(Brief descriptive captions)

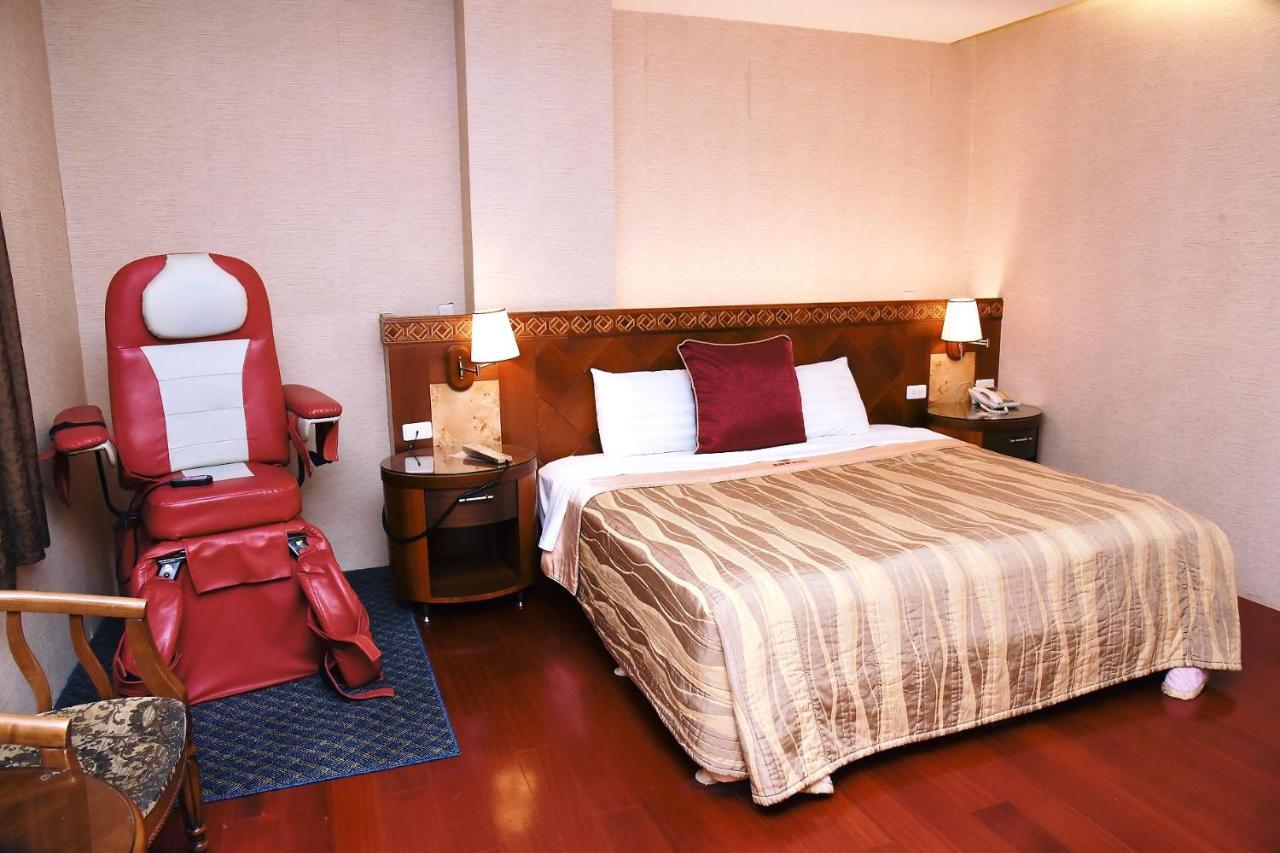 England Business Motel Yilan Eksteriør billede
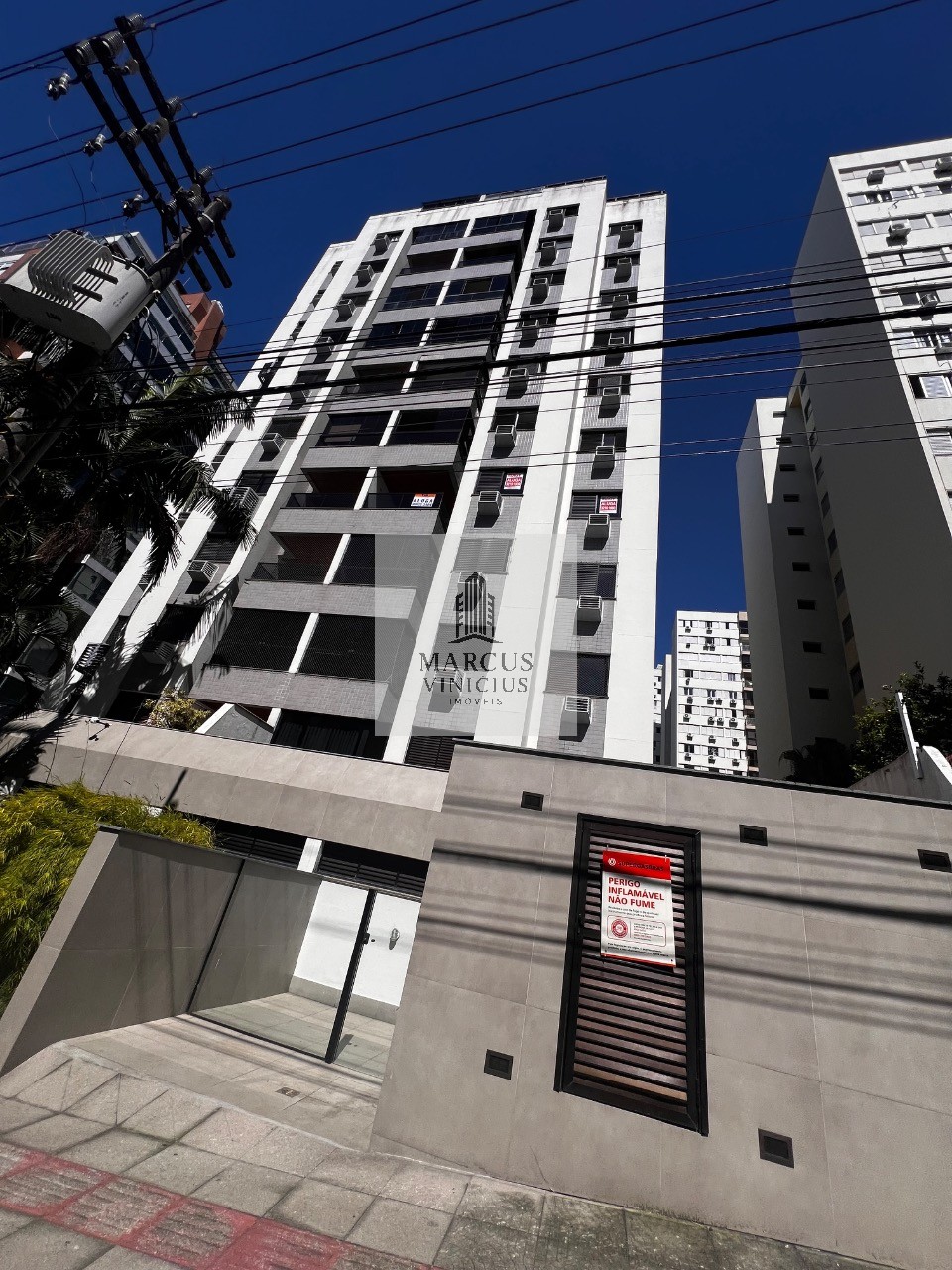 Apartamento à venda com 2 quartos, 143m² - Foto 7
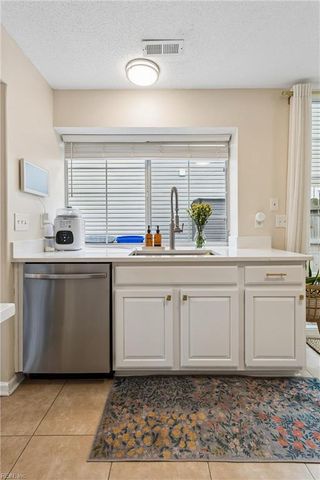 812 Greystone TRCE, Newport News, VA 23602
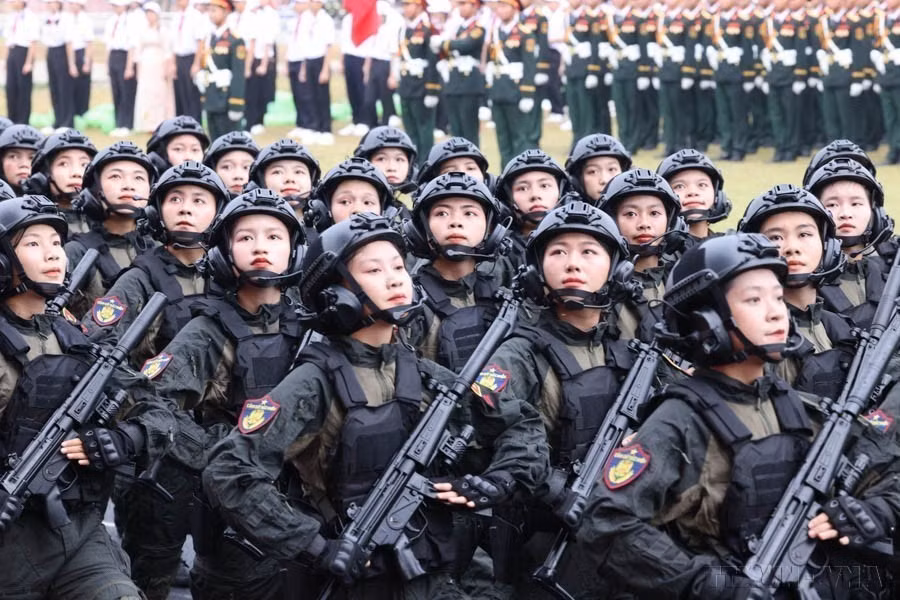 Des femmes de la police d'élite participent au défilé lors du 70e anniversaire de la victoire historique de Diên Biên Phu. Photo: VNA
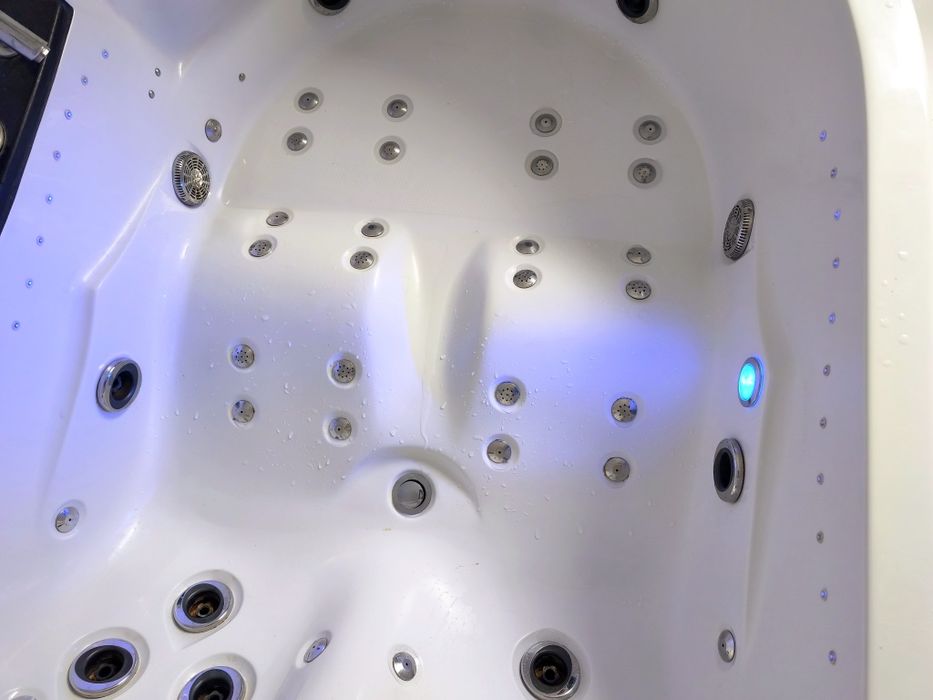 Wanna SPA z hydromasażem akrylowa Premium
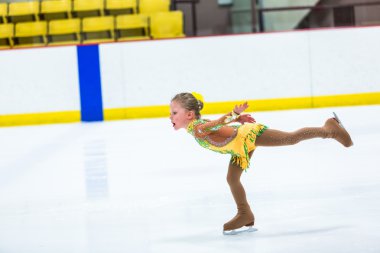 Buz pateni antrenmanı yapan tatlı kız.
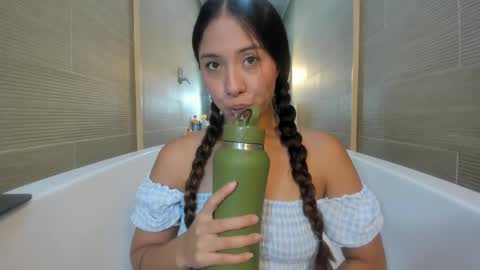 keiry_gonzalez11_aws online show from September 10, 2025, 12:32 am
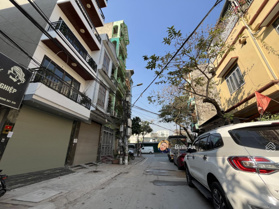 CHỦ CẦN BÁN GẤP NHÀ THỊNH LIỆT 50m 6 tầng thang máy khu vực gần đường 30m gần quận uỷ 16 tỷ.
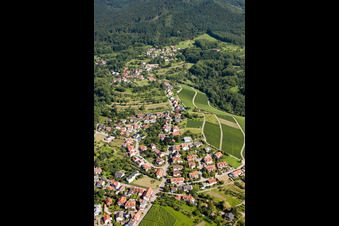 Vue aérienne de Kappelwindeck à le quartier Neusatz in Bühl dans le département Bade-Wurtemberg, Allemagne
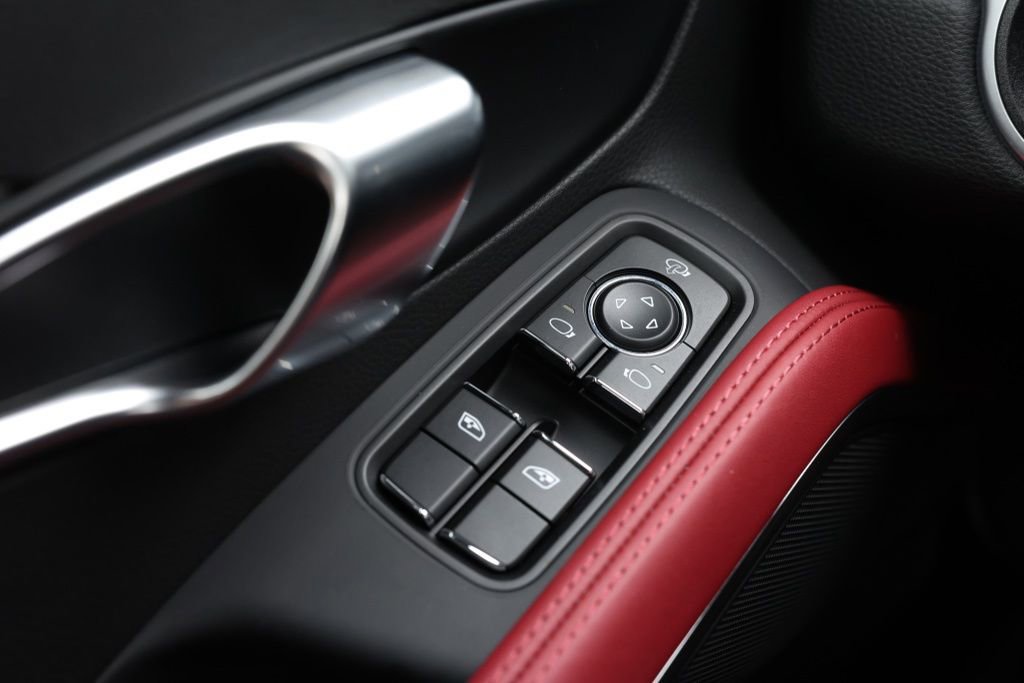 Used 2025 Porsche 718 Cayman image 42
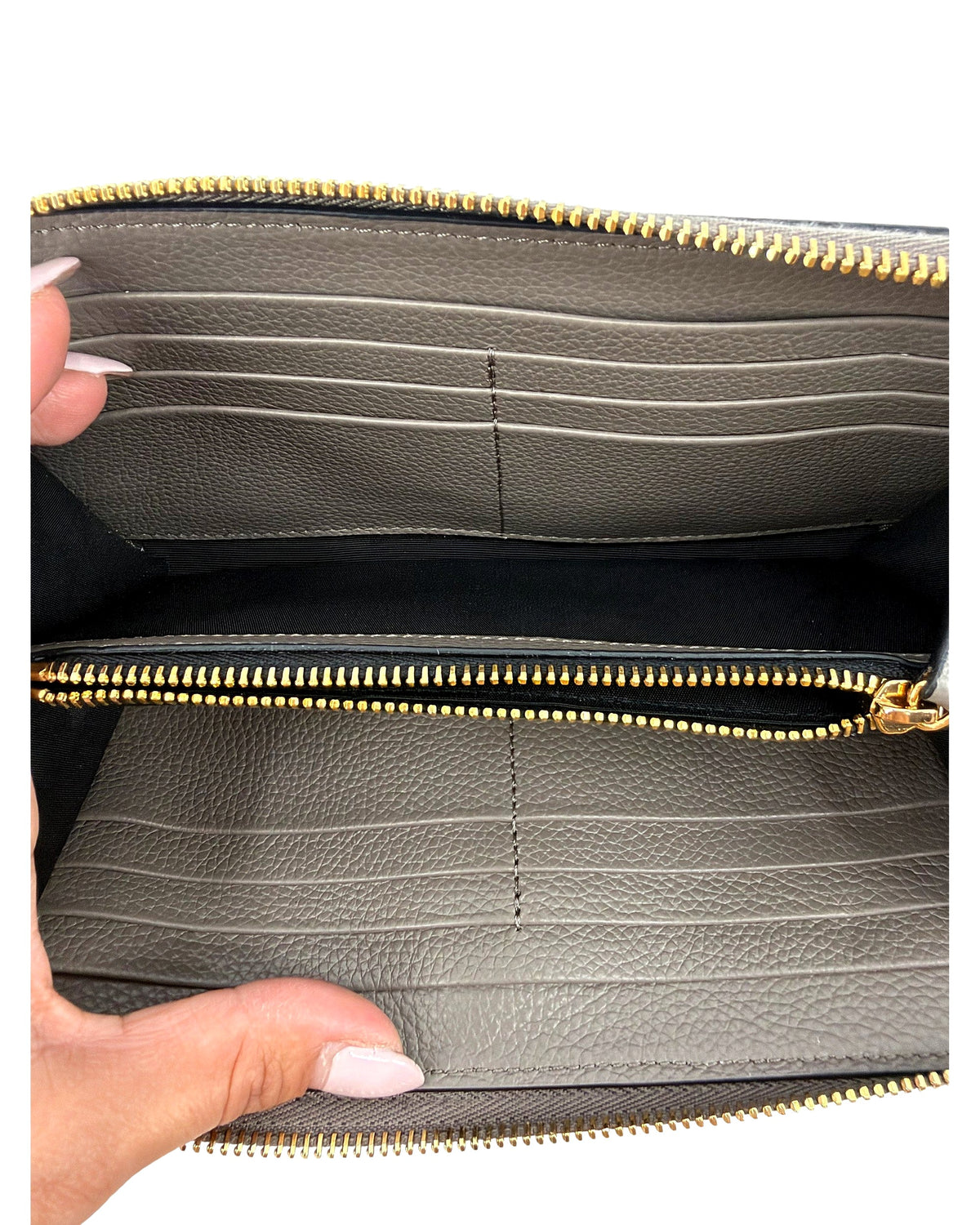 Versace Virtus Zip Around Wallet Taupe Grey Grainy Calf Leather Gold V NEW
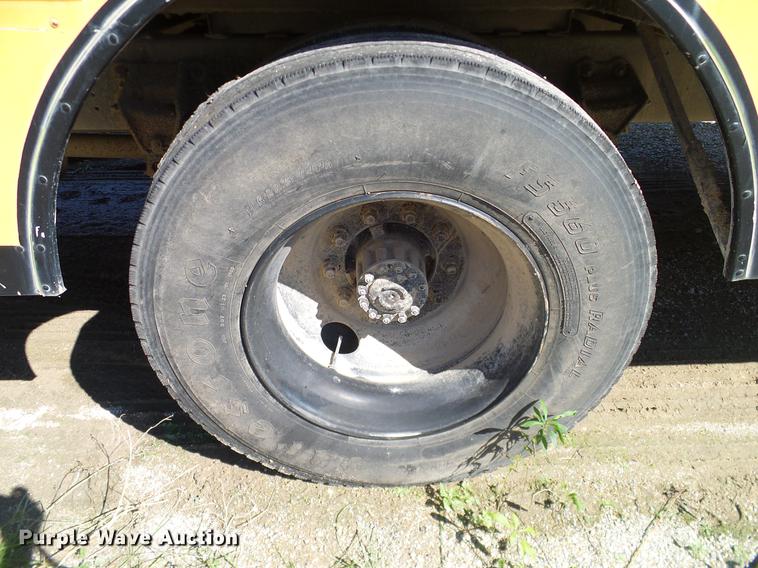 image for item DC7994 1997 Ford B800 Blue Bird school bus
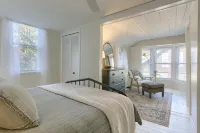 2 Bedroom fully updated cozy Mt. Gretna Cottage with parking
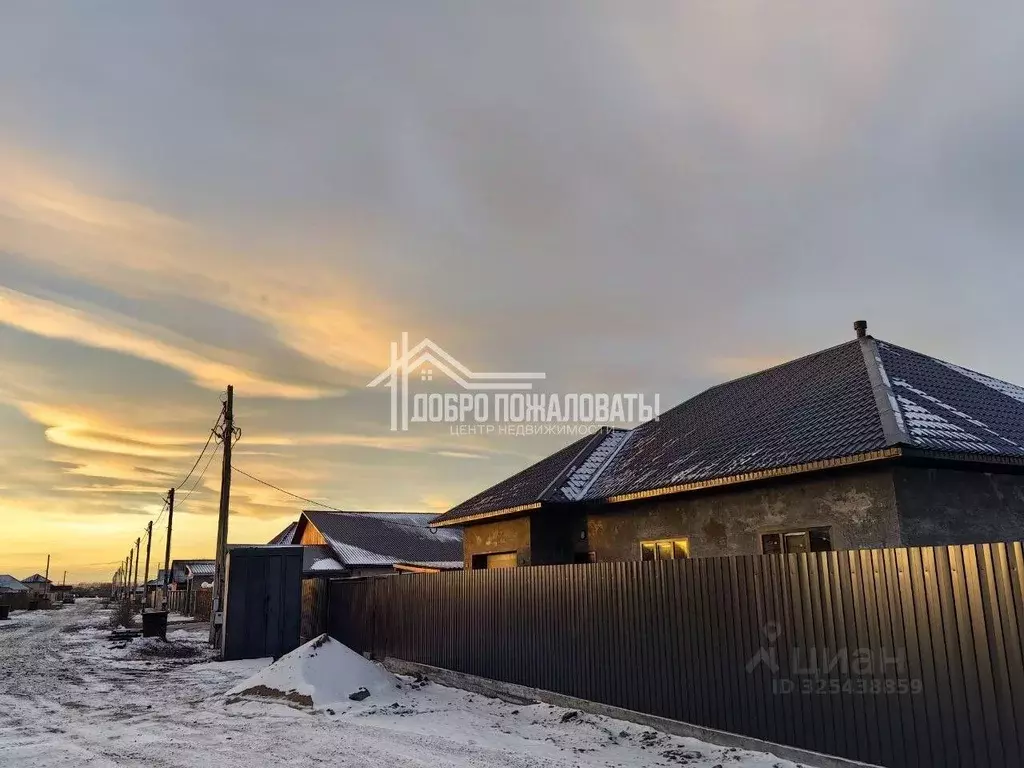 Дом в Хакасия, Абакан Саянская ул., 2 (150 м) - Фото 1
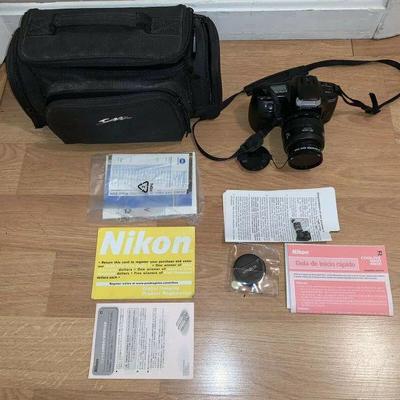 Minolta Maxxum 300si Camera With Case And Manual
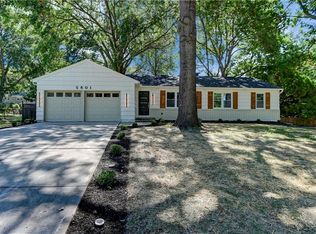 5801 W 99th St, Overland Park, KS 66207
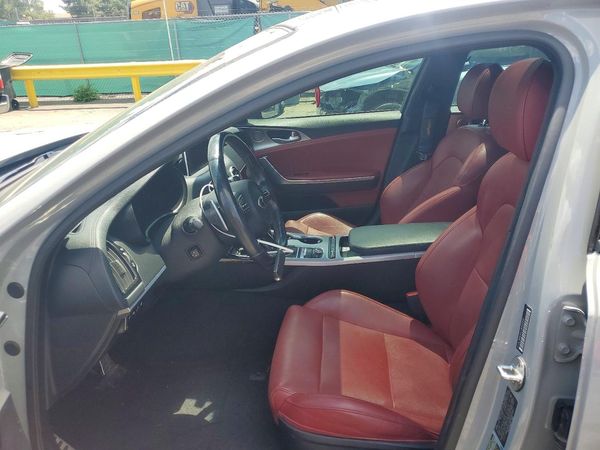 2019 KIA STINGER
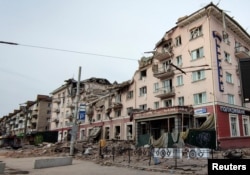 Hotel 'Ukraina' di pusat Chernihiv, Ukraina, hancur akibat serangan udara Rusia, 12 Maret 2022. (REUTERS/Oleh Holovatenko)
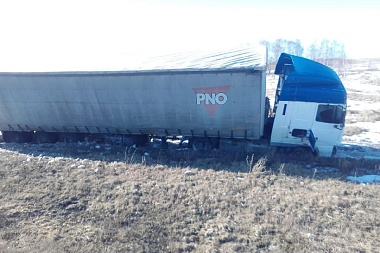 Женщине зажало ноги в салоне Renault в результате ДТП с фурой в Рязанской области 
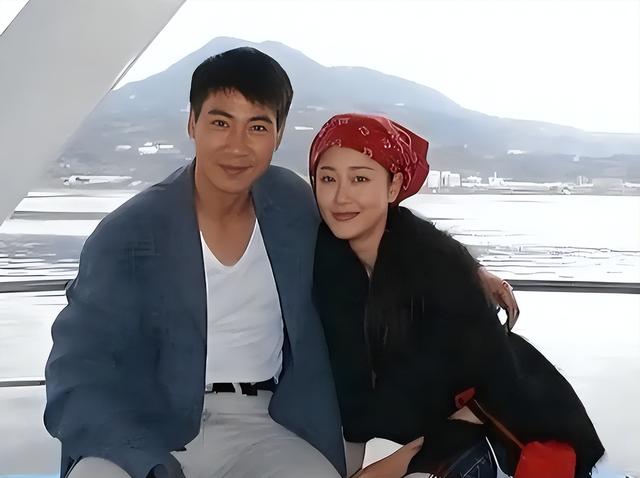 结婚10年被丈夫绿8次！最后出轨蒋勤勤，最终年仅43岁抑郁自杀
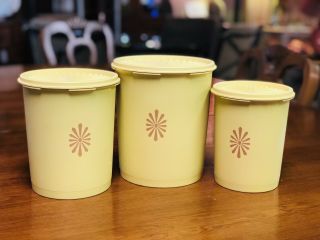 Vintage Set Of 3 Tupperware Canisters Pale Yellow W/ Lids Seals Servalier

WHAT YOU WILL DO - Leave the pictures out and copy the rest of the data exactly.

ANSWER AREA -
 England Business Motel Yilan Eksteriør billede
 Apartamento à venda com 2 quartos, 143m² - Foto 7
 812 Greystone TRCE, Newport News, VA 23602
 Des femmes de la police d'élite participent au défilé lors du 70e anniversaire de la victoire historique de Diên Biên Phu. Photo: VNA
 Wanna SPA z hydromasażem akrylowa Premium
 Buz pateni antrenmanı yapan tatlı kız.
 keiry_gonzalez11_aws online show from September 10, 2025, 12:32 am
 CHỦ CẦN BÁN GẤP NHÀ THỊNH LIỆT 50m 6 tầng thang máy khu vực gần đường 30m gần quận uỷ 16 tỷ.
 Vue aérienne de Kappelwindeck à le quartier Neusatz in Bühl dans le département Bade-Wurtemberg, Allemagne
 Used 2025 Porsche 718 Cayman image 42
 Versace Virtus Zip Around Wallet Taupe Grey Grainy Calf Leather Gold V NEW
 image for item DC7994 1997 Ford B800 Blue Bird school bus
 2 Bedroom fully updated cozy Mt. Gretna Cottage with parking
 Дом в Хакасия, Абакан Саянская ул., 2 (150 м) - Фото 1
 Minolta Maxxum 300si Camera With Case And Manual
 5801 W 99th St, Overland Park, KS 66207
 2019 KIA STINGER
 Hotel 'Ukraina' di pusat Chernihiv, Ukraina, hancur akibat serangan udara Rusia, 12 Maret 2022. (REUTERS/Oleh Holovatenko)
 Женщине зажало ноги в салоне Renault в результате ДТП с фурой в Рязанской области 
 结婚10年被丈夫绿8次！最后出轨蒋勤勤，最终年仅43岁抑郁自杀
 Vintage Set Of 3 Tupperware Canisters Pale Yellow W/ Lids Seals Servalier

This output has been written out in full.